I‘m more sensitive to noise and two of my coworkers are constantly bickering about some stupid shit. it‘s gone on for two weeks. one of them has anger issues and starts yelling around because of literally anything that angers him ever so slightly. and if he‘s not yelling about something he‘s watching videos on his computer, either on speakers or with headphones turned so loud it barely makes a difference (at least the higher-energy part of the frequency spectrum is tuned down but still).
my brain also doesn‘t work the way it should. I put on some brown noise on my headphones to tune out my coworkers‘ conversations so I can hear my own thoughts over the noise but here I am trying to focus on the manual of a new device reading the same sentence multiple times because my brain just doesn‘t register. earlier, when preparing some stuff I forgot to pack power cords, and packing the cabled I need is usually the FIRST thing I do.
it was planned that I get sunday and monday off, but today I got a mail that I need to go to the headquarters on monday 8am for some stupid election (don‘t listen to me, voting the people who represent you and your rights is important). no chance to opt out. yesterday everyone got an email that said the election cards are going to be delivered to each site, but ofc I belong to the one group who has to go to the headquarters. god this is so stupid.
I‘m just done. I have like 5% energy. I want to go home and rest and sit out the worst three days. slap a hot water bottle on my belly, get all cozy on the couch and watch The Dragon Prince. and sleep. I‘m so damn tired.

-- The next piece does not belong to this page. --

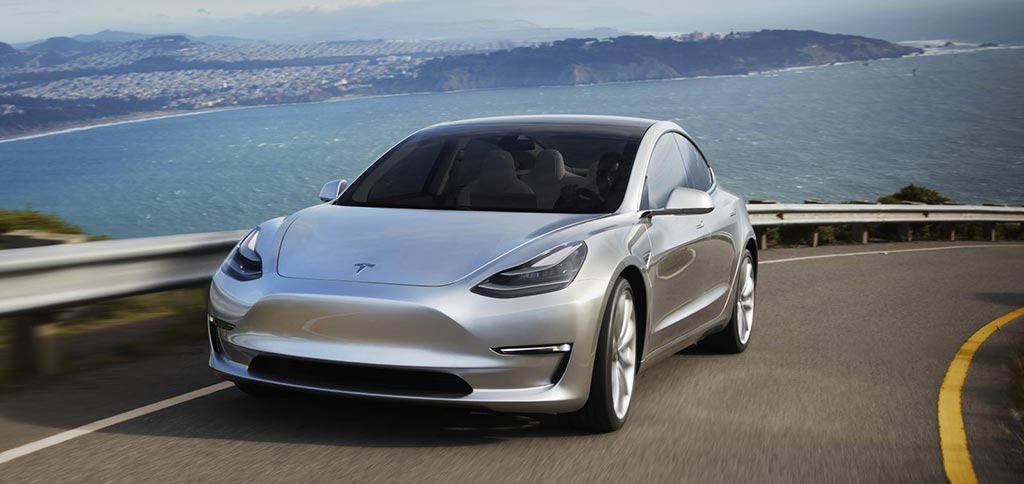 tesla model 3 silver prototype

at least the workload is currently small enough to just relax and take it slow. no need to hurry. if I wanted to I could spend most of the day at the office and do the endless scrolling or something, but I‘m gonna go distract myself with more relaxing, under-appreciated tasks once I‘ve finished my coffee. for now I‘m just going to enjoy the silence. my coworkers left to do something somewhere else and once they‘re back, I‘m gonna go get lunch and occupy myself with something productive but low-effort afterwards.
today sucks and I can‘t wait for it to be over. tomorrow is going to suck too, and saturday might as well, but on sunday I can relax.